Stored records
☆ ☆ ☆ ☆ ☆ ☆ ☆

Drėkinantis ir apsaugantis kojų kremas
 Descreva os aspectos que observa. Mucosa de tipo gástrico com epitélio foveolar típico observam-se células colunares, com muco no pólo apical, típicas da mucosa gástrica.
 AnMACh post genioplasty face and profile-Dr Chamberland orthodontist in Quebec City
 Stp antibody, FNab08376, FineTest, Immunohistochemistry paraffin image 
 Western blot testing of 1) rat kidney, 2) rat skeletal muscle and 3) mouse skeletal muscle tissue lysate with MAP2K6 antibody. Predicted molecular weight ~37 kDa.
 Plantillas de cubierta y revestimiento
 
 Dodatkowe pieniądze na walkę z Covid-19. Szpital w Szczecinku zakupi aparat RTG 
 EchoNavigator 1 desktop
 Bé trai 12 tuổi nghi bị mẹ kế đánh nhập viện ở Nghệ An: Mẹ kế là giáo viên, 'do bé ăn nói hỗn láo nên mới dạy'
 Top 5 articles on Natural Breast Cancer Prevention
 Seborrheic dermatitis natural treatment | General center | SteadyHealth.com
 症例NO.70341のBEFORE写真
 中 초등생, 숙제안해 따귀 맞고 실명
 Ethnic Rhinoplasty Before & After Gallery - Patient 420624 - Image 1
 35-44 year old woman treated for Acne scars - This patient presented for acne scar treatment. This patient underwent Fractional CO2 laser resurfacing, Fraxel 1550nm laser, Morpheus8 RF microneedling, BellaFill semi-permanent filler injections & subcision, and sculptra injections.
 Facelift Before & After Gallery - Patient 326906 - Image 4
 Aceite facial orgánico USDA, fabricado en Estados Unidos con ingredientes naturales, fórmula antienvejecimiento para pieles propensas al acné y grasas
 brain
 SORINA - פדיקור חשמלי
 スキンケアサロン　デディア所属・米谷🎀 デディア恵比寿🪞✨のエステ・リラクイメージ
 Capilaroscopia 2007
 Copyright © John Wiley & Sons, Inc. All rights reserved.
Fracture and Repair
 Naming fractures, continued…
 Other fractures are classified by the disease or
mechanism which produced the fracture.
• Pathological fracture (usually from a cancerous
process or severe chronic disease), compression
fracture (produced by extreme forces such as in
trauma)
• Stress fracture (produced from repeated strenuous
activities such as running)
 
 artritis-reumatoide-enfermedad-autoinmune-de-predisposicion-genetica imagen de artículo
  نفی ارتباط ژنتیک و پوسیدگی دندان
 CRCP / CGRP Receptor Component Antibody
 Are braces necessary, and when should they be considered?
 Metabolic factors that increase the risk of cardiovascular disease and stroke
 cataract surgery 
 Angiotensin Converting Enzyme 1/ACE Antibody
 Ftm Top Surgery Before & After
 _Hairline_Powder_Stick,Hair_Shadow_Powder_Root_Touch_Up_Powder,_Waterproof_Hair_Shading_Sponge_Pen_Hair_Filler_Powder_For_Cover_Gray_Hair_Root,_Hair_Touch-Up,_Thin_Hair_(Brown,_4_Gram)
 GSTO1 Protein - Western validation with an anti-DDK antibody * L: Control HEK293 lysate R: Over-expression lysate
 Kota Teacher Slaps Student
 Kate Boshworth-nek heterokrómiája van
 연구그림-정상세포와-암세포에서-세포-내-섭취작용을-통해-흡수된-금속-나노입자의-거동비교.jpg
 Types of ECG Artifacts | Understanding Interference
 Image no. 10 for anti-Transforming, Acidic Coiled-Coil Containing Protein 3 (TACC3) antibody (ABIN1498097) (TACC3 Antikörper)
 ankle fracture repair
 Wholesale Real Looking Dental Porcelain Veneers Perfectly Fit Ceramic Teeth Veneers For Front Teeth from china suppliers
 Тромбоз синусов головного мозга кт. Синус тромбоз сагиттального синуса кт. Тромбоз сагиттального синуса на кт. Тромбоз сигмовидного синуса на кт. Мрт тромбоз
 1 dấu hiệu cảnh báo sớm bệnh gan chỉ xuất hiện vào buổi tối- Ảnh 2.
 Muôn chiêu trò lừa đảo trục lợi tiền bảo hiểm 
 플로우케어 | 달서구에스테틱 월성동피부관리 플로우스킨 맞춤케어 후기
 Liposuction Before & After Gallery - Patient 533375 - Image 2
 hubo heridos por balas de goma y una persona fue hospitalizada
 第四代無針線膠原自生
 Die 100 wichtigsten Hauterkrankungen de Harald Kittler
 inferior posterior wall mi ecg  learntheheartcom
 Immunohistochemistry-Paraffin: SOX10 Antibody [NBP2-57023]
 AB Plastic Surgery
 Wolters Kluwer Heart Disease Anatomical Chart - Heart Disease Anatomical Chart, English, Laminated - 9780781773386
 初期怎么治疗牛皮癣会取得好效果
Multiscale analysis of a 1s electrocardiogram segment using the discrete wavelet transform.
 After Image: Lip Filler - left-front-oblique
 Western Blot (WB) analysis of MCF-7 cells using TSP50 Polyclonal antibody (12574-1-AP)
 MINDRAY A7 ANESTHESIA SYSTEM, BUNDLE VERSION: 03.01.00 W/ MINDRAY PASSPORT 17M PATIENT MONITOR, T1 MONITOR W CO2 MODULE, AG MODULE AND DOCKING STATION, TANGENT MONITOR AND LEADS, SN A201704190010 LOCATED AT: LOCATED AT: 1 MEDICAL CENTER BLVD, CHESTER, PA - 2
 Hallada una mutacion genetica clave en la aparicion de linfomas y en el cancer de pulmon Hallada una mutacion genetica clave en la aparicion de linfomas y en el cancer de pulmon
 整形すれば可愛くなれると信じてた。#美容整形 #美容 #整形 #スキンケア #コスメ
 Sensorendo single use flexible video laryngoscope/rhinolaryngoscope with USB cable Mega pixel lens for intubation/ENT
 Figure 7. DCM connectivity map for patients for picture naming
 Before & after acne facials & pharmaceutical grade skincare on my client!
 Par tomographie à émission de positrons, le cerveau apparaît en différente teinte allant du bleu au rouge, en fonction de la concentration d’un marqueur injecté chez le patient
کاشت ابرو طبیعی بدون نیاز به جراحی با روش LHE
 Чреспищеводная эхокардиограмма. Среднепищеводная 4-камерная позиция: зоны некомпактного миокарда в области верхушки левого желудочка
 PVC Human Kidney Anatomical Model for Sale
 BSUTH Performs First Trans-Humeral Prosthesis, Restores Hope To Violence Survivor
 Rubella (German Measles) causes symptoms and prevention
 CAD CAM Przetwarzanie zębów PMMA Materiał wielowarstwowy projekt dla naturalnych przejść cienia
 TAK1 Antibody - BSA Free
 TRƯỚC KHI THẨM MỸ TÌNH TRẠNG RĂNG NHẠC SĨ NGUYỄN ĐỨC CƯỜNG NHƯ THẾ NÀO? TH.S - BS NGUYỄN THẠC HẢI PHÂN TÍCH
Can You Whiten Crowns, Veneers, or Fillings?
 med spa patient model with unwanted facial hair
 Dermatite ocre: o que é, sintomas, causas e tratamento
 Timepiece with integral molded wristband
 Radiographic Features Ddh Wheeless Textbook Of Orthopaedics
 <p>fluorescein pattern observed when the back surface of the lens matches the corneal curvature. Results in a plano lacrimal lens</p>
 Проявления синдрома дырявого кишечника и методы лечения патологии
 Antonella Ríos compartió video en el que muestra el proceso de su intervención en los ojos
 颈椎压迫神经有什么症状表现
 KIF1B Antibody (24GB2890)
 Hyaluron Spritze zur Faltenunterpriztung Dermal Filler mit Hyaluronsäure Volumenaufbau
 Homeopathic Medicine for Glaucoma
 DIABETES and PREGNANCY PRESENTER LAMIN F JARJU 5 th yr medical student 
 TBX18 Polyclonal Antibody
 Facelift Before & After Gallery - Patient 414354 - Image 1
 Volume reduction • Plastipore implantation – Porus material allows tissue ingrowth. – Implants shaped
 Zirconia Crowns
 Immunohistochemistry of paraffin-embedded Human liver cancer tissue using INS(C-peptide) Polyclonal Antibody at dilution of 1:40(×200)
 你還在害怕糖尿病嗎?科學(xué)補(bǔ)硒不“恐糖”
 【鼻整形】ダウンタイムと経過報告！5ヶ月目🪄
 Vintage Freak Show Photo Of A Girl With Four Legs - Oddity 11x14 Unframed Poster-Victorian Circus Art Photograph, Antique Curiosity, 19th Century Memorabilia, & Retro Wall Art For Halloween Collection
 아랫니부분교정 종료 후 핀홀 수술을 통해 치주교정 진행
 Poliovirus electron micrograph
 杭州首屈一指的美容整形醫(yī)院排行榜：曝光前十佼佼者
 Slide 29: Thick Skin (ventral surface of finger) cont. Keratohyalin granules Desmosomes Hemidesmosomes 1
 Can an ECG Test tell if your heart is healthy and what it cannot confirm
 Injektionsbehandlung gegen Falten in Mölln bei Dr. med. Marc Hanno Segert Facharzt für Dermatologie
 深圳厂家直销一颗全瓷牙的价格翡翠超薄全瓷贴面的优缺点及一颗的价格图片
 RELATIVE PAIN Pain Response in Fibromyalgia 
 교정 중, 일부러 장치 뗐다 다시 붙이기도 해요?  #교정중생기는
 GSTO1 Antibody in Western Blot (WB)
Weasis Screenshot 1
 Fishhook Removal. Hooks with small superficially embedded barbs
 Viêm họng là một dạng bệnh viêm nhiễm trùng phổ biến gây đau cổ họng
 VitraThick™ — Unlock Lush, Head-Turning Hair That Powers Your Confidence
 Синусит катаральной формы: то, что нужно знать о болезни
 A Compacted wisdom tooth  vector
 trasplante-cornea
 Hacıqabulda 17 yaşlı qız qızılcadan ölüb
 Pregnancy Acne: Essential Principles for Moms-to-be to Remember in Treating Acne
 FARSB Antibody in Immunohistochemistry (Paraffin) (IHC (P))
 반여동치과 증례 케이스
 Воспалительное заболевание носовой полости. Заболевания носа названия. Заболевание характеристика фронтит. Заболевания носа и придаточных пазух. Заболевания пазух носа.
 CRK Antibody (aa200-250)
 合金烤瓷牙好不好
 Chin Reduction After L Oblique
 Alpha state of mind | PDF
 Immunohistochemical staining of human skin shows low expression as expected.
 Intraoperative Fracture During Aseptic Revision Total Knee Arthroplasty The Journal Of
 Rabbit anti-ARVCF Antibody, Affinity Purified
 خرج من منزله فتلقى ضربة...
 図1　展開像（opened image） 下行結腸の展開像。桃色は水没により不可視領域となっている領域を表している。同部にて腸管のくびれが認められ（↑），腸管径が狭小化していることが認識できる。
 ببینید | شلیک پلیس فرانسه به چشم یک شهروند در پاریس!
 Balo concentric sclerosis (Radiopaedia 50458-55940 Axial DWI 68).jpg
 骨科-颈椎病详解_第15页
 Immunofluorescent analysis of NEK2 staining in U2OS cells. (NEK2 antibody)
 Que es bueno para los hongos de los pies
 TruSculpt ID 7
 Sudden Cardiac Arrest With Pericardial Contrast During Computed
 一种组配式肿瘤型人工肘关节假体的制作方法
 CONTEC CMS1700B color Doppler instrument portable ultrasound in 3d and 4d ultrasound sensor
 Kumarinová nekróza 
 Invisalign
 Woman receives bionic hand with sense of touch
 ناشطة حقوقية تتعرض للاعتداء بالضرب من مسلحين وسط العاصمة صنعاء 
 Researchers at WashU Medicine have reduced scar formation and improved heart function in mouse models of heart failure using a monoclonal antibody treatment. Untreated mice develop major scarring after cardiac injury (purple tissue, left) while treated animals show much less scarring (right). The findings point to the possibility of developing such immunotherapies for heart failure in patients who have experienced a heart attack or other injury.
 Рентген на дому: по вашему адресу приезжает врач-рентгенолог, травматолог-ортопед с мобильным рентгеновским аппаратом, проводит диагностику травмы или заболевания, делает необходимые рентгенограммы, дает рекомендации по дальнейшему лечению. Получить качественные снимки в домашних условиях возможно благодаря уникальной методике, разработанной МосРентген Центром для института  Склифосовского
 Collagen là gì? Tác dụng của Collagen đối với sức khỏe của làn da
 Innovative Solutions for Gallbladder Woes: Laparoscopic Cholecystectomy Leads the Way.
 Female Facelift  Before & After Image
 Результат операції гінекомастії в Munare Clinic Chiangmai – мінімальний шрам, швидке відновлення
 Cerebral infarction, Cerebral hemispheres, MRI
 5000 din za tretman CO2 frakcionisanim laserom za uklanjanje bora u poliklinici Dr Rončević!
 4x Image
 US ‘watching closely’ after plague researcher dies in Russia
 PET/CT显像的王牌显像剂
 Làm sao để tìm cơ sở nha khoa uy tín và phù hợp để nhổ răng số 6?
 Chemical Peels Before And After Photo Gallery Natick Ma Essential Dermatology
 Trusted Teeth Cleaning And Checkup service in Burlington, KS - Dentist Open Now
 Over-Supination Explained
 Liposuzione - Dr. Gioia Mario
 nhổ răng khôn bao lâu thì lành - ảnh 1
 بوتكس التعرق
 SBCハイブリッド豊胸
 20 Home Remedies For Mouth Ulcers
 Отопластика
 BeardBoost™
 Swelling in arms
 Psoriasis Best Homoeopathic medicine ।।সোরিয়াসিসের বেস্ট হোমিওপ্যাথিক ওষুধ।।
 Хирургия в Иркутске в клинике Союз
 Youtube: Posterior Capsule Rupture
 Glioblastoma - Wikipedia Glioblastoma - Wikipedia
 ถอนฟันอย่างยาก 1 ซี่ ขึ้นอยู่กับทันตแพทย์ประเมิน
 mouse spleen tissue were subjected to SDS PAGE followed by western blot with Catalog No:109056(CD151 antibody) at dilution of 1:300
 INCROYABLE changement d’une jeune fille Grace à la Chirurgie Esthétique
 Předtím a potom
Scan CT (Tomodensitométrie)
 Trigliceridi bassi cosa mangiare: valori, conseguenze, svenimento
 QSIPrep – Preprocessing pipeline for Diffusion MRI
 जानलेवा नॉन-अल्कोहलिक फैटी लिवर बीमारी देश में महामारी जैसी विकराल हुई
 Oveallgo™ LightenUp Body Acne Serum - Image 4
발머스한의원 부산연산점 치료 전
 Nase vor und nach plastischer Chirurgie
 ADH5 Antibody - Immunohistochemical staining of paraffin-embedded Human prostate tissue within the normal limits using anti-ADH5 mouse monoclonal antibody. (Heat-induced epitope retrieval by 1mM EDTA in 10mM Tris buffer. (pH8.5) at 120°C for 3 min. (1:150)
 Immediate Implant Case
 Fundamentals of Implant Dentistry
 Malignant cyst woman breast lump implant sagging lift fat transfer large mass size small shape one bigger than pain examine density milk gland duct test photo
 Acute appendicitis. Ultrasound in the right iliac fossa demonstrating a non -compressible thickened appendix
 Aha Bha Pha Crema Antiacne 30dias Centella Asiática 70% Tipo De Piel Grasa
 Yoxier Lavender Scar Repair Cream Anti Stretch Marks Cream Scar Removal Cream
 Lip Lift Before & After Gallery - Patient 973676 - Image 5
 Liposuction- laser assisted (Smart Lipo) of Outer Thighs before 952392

☆ ☆ ☆ ☆ ☆ ☆ ☆

Using the entries above, find all lines with "Veneers". Copy them.

**Answer to this problem**
 Wholesale Real Looking Dental Porcelain Veneers Perfectly Fit Ceramic Teeth Veneers For Front Teeth from china suppliers
Can You Whiten Crowns, Veneers, or Fillings?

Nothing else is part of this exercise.